Bien sûr, il n’y a pas de solutions faciles à ces problèmes ; nombre d’entre eux sont existentiels et nécessiteront un calcul impliquant des valeurs et des priorités au niveau sociétal. En attendant, les manières familières de devenir et de s’exprimer au travail risquent de ne plus tenir. Alors que les forces continuent d’éroder les formes traditionnelles de soutien identitaire, une définition de soi significative au travail dépendra de plus en plus de la façon dont nous utilisons et abusons collectivement des technologies et des modèles commerciaux innovants.

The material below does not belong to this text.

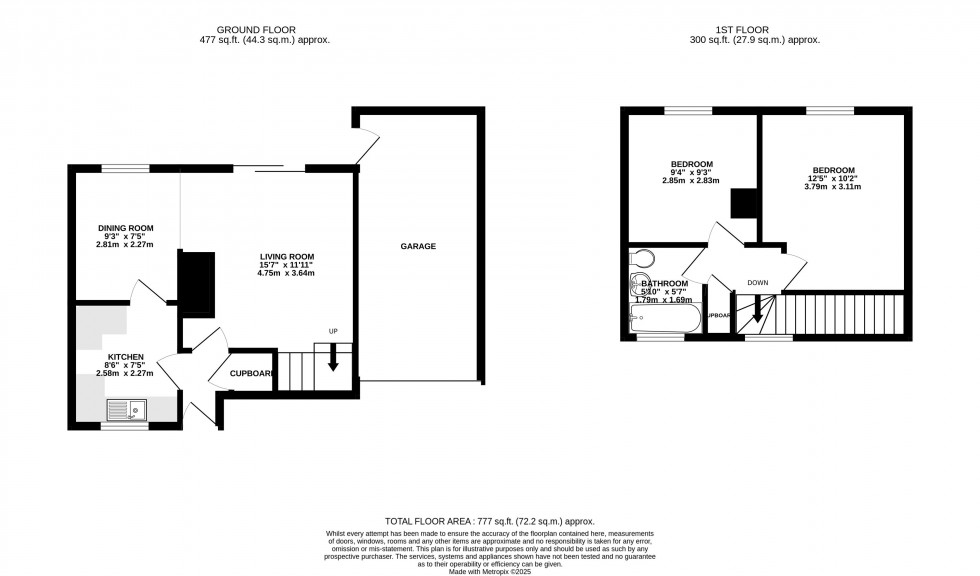 Floorplan for Pontwilym, Brecon, Powys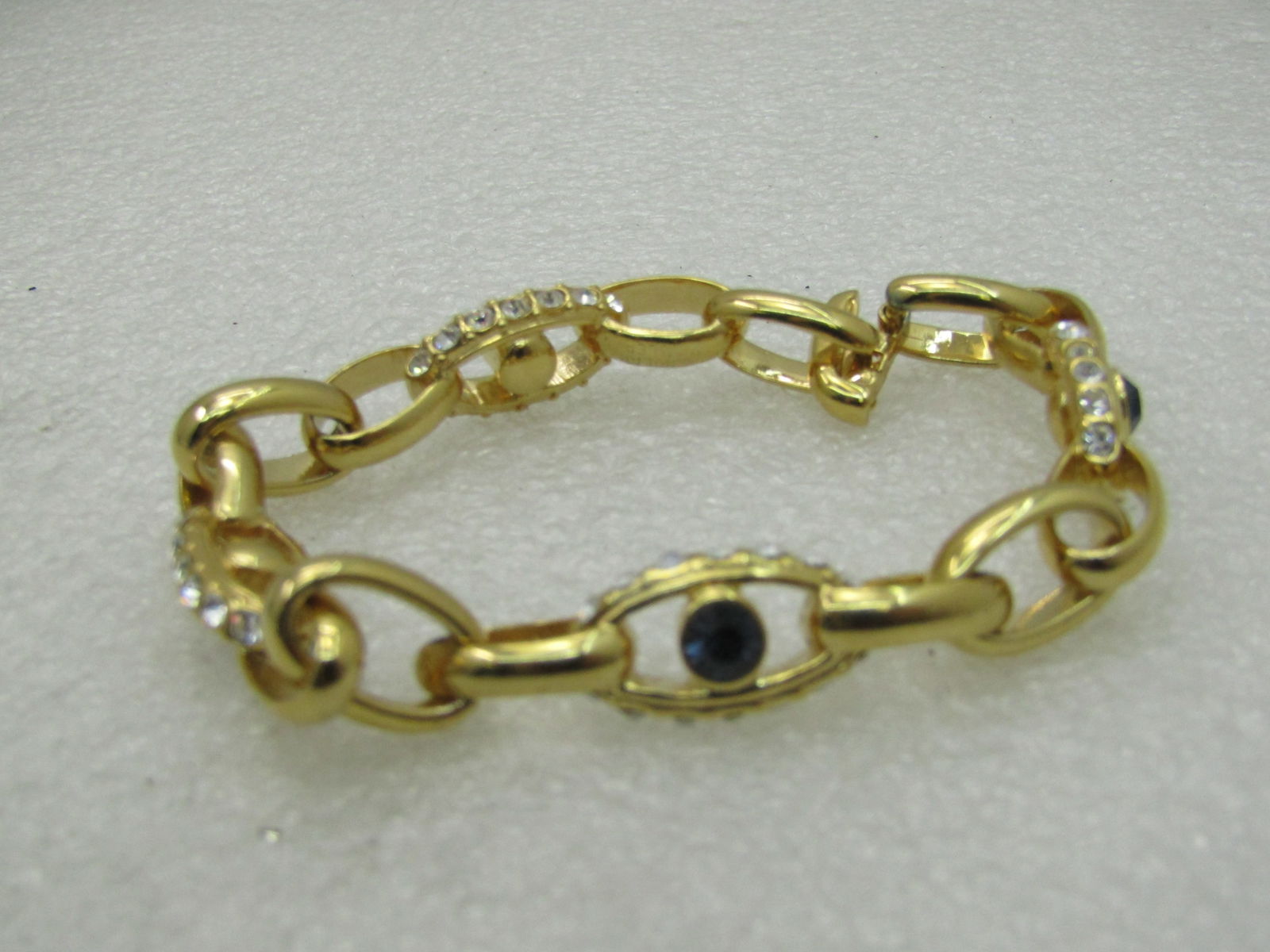Nolan Miller Faux Sapphire Bracelet, 7" (SS784) - 4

Par exemple, comment les entreprises peuvent-elles déployer une gestion algorithmique sans menacer ni dépersonnaliser les travailleurs ? Comment se concentrer sur les récits qui sous-tendent et animent les identités peut-il aider les travailleurs à réimaginer ce qu’ils veulent et méritent vraiment d’une carrière sortant de la pandémie et de la Grande Démission ? Des environnements numériques de plus en plus immersifs et réalistes comme le métaverse fonctionneront-ils demain comme des terrains de jeux identitaires pour les travailleurs ? Comment Web3 en général, et l’émergence de nouvelles formes d’organisation en particulier (par exemple, les organisations autonomes décentralisées ou DAO), affecteront-elles les carrières, les relations et les causes qui sont si importantes pour les travailleurs ? Quel rôle les plateformes de médias sociaux, les forums de discussion en ligne et les autres types de refroidisseurs d’eau virtuels peuvent-ils jouer pour aider les travailleurs indépendants à créer et à maintenir une identité professionnelle souhaitable ? Bref, comment conserver l’humain face à des tactiques de gestion des ressources de plus en plus judicieuses ?

Il est maintenant temps pour nous de nous attaquer sérieusement à ces questions – de ceux qui conçoivent, dirigent et réglementent ces technologies et modèles commerciaux (ingénieurs en logiciel, PDG et politiciens, respectivement) à ceux qui étudient, enseignent et aident les autres à faire face à leurs implications (chercheurs, éducateurs, psychologues cliniciens, respectivement).

Le bien-être des travailleurs indépendants du monde entier est en jeu, dont beaucoup ont du mal à répondre à la question « Qui suis-je ? » dans le cadre de leur travail.

Laisser un commentaire

Votre adresse e-mail ne sera pas publiée.

Ce site utilise Akismet pour réduire les indésirables. En savoir plus sur comment les données de vos commentaires sont utilisées.